Апогей могущества искусственного интеллекта, ставящий под сомнение реальность мира, – «Zifry» Владислава Григорьева и Владимира Недвецкого. Пасторальная картина, с беззаботной перекличкой женских голосов, пением птиц и стука копыт на фоне, оказывается не более чем напоминанием о светлом далеком прошлом. Сад вокруг растет и благоухает, но по стволам деревьев бежит неестественный электрический сок. Шуршание звуковых помех отправляет нас в матричную ловушку. Вместо растений, вокруг простирается бескрайнее виртуальное пространство. Цифровым глашатаем выступает монотонный дикторский голос: поверх монолитных звуковых пятен хора солистка читает текст, произнося его в манере озлобленной «интернет-говорилки». Каждая часть этого научно-популярного текста – пронумерованный тезис, раскрывающий различные явления жизни. Но если сначала содержание кажется целостным и легко воспринимается, то затем повествование превращается в поток сознания, код, который тяжело расшифровать. Слова солистки постепенно перекрываются пением хора и звуками арфы, колокольчиков, нагромождением электронных эффектов: в какой-то момент расслышать текст становится практически невозможно. До слушателя доносятся лишь отдельные, вырванные из контекста, фразы чтеца, которые становятся все более пугающими, хотя не лишенными иронии. «Интернет разжижает мозг, полная деградация», – долетает до сознания слушателя, наблюдающего на видеопроекции схематичный мегаполис. Небоскребы, олицетворяющие постиндустриальное общество, разлетаются на огоньки; неизменным лейтмотивом возникает образ Эдема, все меньше похожего на самого себя, а действительность кажется искусственной и эфемерной.

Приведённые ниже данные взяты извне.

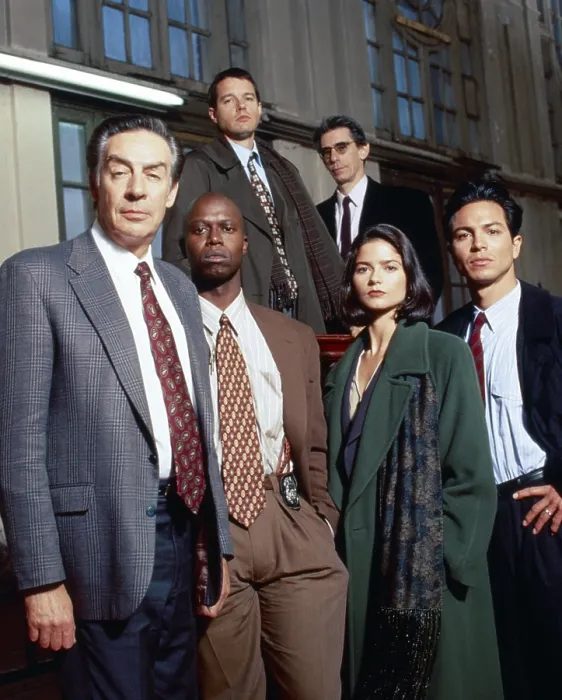 Framed Print : LAW & ORDER, HOMICIDE: LIFE ON THE STREET, front row, from left: Jerry Ohrbach, Andre Braugher, Jill Hennessy, Benjamin Bratt; back row, from left: Kyle Secor, Richard Belzer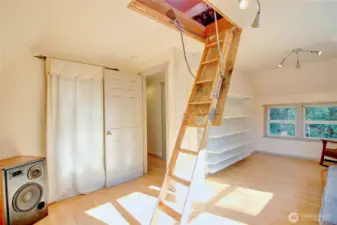 Second bedroom with closet space and shelving.  Fold down stairs lead to the huge attic.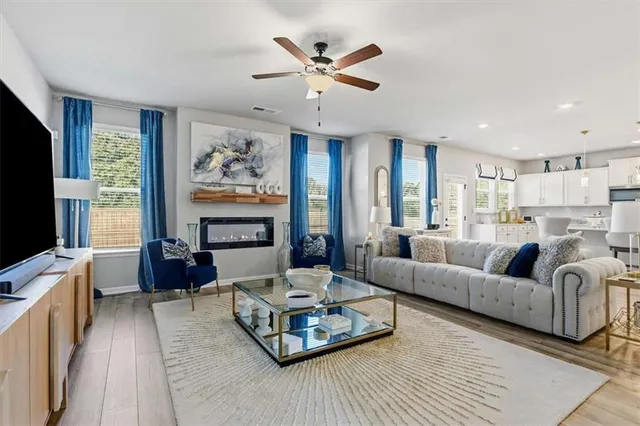 a living room with furniture and a chandelier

Именно из-за этой эфемерности электронную антиутопию сменяет полярно противоположная атмосфера в «Трех прекрасных птицах рая» Мориса Равеля. Музыка французского импрессиониста возвращает забытую идиллию, музыкальной аркой вступает хор а капелла, снова возвышается лавровый лес в теплом свете красноватого солнца, которое, наконец, восходит. Но песня Равеля – о потере. И сменяющий ее хорал «Libera me», на этот раз в обработке Артема Петайкина, ударяет тревогой. Мягкость аналоговых ударных инструментов, синтезаторной ретуши вскоре сглаживает это состояние. Ночной сад снова оживает с шуршанием ветра и птичьими голосами, но непонятно, настоящий ли это рай или очередная виртуальная фантазия.
Тонкая работа художников с купольной проекцией, колоссальная самоотдача хора, удачно исполнившего и добарочную, и современную музыку, внимание дирижера Дмитрия Шелковина к звуку, стройный сюжет спектакля воплощают мысль: рай достижим. Но, возможно, наши представления о нем слишком примитивны для того, чтобы быть правдивыми, и деревья Эдема на самом деле матричный код, который человек не в состоянии считать?